- WHAT IS NEEDED
Reproduce, exactly and in full, only the lines below from the one containing "Volkswagen Jetta VI, 2013" through the one containing "Seorang gadis Rusia".

- INPUT RECORDS
⟨

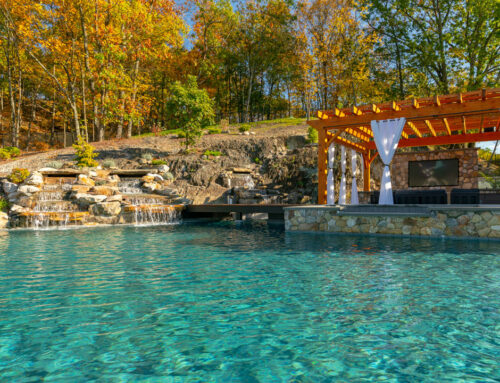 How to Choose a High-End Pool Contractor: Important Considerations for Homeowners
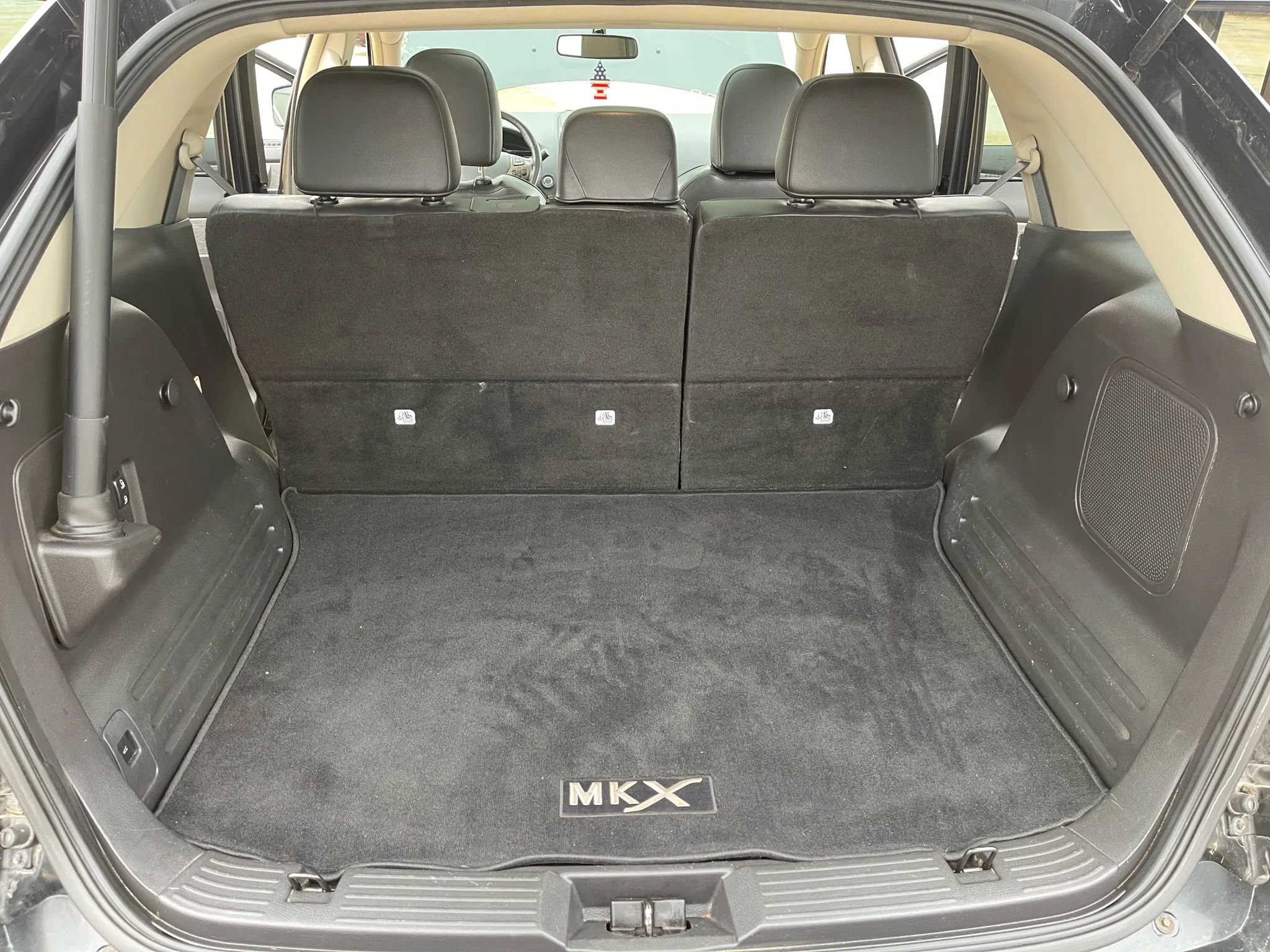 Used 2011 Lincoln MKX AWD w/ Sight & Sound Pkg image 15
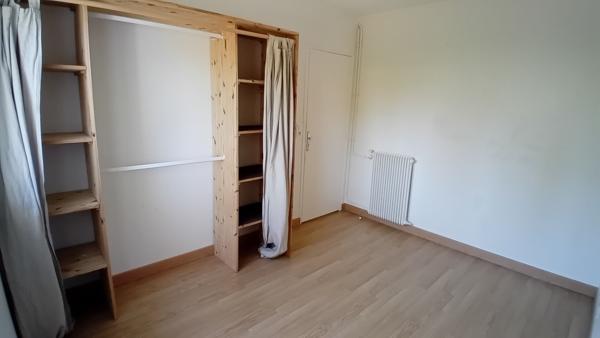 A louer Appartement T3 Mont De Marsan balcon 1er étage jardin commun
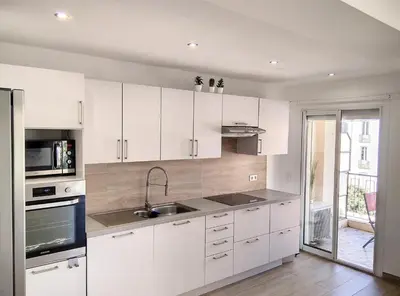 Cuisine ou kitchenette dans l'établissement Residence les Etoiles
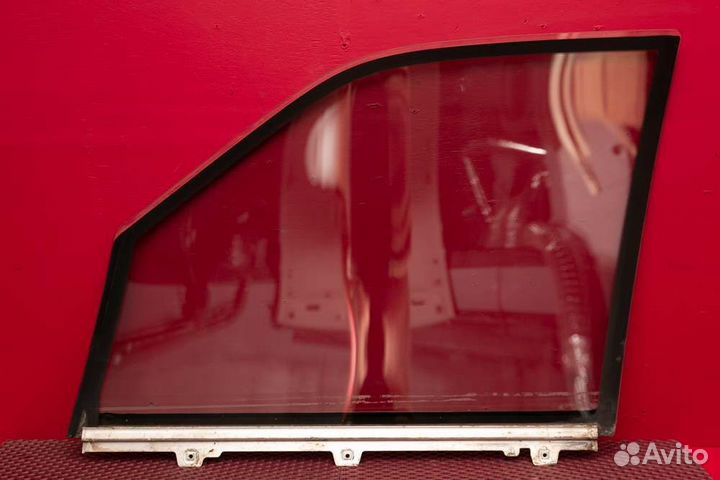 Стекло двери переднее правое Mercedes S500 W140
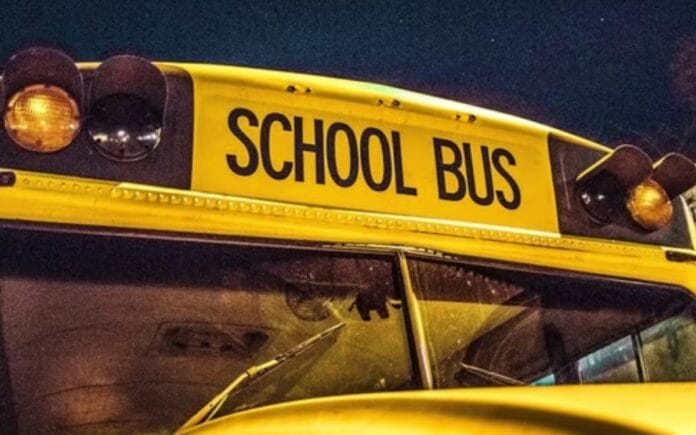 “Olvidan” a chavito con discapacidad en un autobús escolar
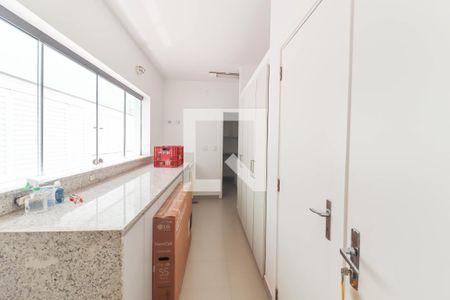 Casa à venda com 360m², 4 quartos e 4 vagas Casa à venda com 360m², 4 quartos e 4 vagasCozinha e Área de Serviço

⟩
⟨

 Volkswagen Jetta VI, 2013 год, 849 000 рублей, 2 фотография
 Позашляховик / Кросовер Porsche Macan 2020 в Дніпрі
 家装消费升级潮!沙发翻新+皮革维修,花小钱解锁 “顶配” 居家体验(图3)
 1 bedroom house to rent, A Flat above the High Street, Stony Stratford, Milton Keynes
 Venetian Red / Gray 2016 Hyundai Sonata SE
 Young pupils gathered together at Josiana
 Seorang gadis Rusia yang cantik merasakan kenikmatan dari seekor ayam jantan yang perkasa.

⟩

- SOLUTION TO THE PROBLEM
 Volkswagen Jetta VI, 2013 год, 849 000 рублей, 2 фотография
 Позашляховик / Кросовер Porsche Macan 2020 в Дніпрі
 家装消费升级潮!沙发翻新+皮革维修,花小钱解锁 “顶配” 居家体验(图3)
 1 bedroom house to rent, A Flat above the High Street, Stony Stratford, Milton Keynes
 Venetian Red / Gray 2016 Hyundai Sonata SE
 Young pupils gathered together at Josiana
 Seorang gadis Rusia yang cantik merasakan kenikmatan dari seekor ayam jantan yang perkasa.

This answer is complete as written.